## Problem requirements
Using the data beneath this instruction, retype only the lines from the one that contains "17950 Kerry Ct — Photo 2" down to the one that contains "shanks with caramelised", both included, exactly as they appear.

--- The input ---

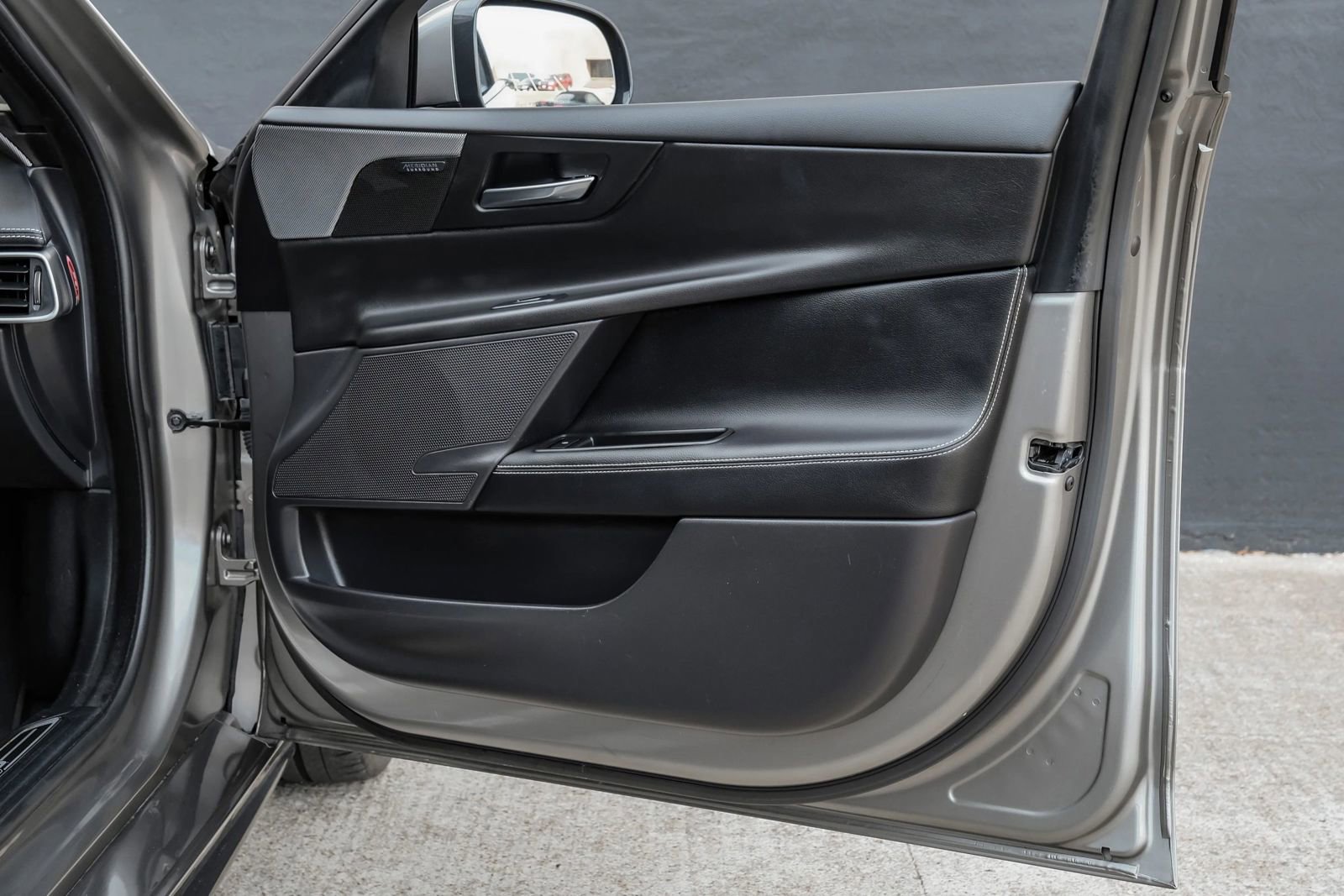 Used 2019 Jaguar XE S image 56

---
--- The input ---

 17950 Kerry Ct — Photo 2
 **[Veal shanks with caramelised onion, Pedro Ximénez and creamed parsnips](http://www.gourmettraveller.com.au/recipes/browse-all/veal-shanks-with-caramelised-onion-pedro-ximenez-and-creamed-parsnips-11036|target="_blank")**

---
--- The input ---

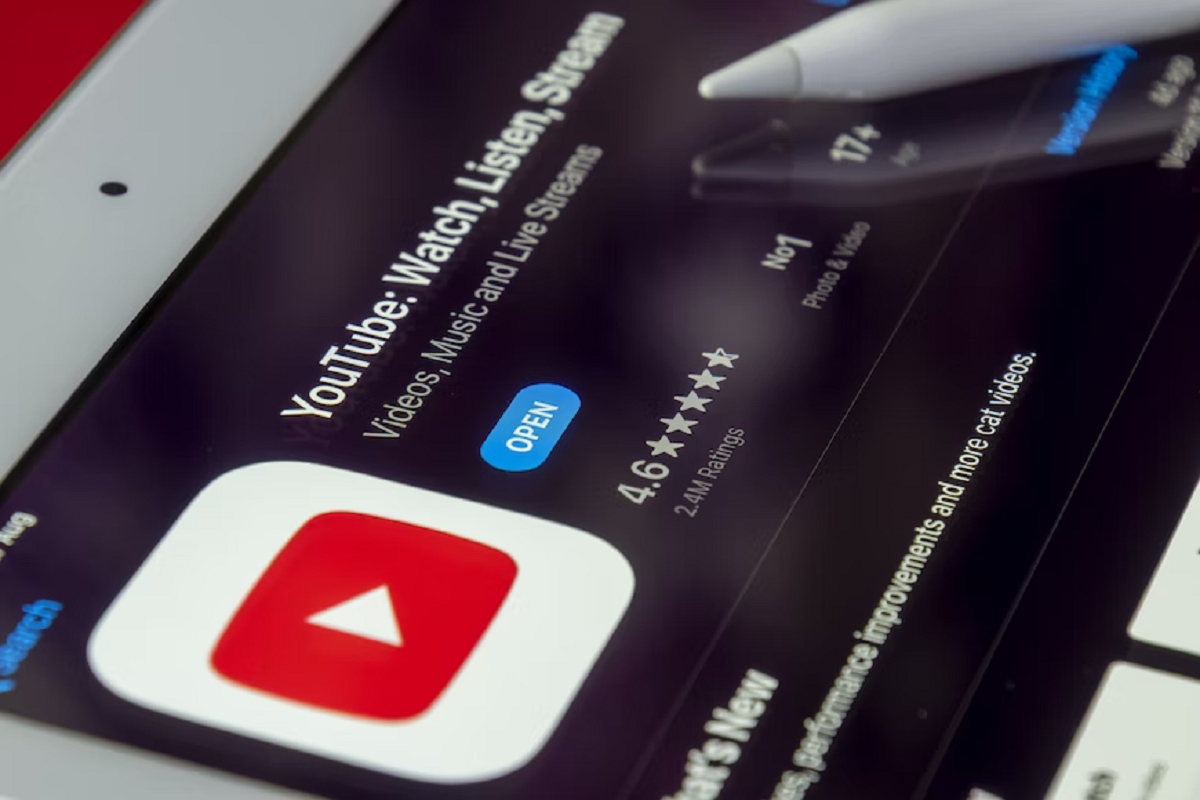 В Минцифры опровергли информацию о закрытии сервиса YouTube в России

---

## Answer below
 17950 Kerry Ct — Photo 2
 **[Veal shanks with caramelised onion, Pedro Ximénez and creamed parsnips](http://www.gourmettraveller.com.au/recipes/browse-all/veal-shanks-with-caramelised-onion-pedro-ximenez-and-creamed-parsnips-11036|target="_blank")**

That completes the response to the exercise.